WORK TO COMPLETE – Find the lines below that contain the string "with". Copy each one.
DATA PROVIDED below:
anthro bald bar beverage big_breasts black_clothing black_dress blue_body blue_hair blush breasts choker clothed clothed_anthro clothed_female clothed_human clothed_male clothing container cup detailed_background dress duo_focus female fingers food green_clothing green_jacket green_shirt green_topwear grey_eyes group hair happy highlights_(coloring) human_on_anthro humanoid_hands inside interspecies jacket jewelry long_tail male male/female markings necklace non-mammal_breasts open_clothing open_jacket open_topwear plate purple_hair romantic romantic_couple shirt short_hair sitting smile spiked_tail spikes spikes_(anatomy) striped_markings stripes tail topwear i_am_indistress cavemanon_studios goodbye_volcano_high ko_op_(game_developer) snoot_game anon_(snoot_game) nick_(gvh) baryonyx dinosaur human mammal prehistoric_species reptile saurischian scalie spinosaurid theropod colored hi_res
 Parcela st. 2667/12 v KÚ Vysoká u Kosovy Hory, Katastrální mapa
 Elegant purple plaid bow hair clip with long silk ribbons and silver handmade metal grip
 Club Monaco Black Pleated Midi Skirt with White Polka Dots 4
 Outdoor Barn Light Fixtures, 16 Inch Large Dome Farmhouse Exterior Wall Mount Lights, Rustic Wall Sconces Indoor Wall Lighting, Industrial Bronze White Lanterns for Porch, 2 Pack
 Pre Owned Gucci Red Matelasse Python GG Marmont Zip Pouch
End of DATA PROVIDED.
EXERCISE RESPONSE –
 Elegant purple plaid bow hair clip with long silk ribbons and silver handmade metal grip
 Club Monaco Black Pleated Midi Skirt with White Polka Dots 4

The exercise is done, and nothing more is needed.